Also, the allocation circuit calculates the total number of credits as the sum of the category 3 credits, category 2 credits, and proportion of requests for the bank (block 515). Next, the allocation circuit distributes a number of category 3 credits to each bank, with the number of category 3 credits that are distributed being equal to one subtracted from the total number of credits for the bank (block 520). Next, the allocation circuit distributes a single category 2 credit to each bank (block 525). After block 525, method 500 ends. It is noted that method 500 may be repeated for each credit reload cycle.
Turning now to FIG. 6, a generalized flow diagram of one embodiment of a method 600 for addressing bank hotspotting is shown.
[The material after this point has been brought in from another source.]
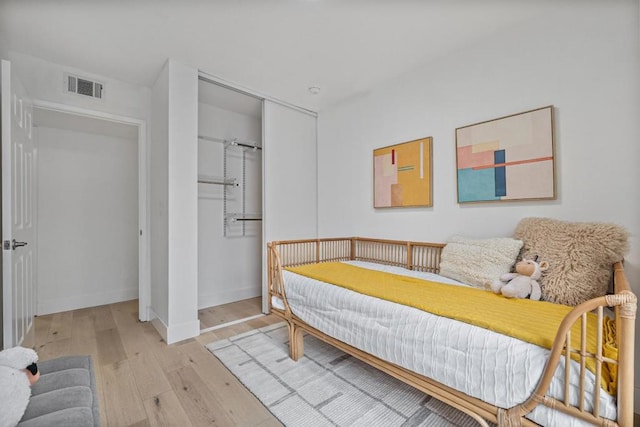 bedroom featuring light hardwood / wood-style floors and a closet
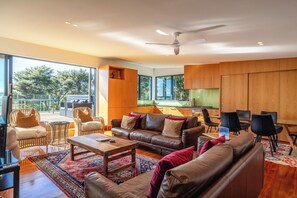 A spacious living area with a large window, a ceiling fan, and a dining area with black chairs. - Hekereua Heights - Spa & Ocean Views (Waiheke Island)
An allocation circuit (e.g., allocation circuit 220 of FIG. 2) assigns an initial amount of credits to each bank of a plurality of banks of a memory device (block 605). The amount of credits assigned to each bank may vary from embodiment to embodiment. In one embodiment, each bank receives a category 3 credit and a category 2 credit in the initial assignment. An arbitration circuit (e.g., arbitration circuit 215) arbitrates requests to the banks and deducts a credit from a bank for each request serviced by the bank (block 610). If a credit reload event occurs (conditional block 615, “yes” leg), then the allocation circuit calculates the proportion of requests that target each bank out of the total number of enqueued requests (block 620). Next, the control unit grants, to each bank, a number of credits that is proportional to the number of requests targeting the bank as a percentage of a total number of enqueued requests (block 625). It is noted that the granted number of requests is allowed to be a fractional amount in some embodiments. After block 625, method 600 returns to block 610. It is also noted that a separate instance of method 600 may be performed for each VC in one embodiment.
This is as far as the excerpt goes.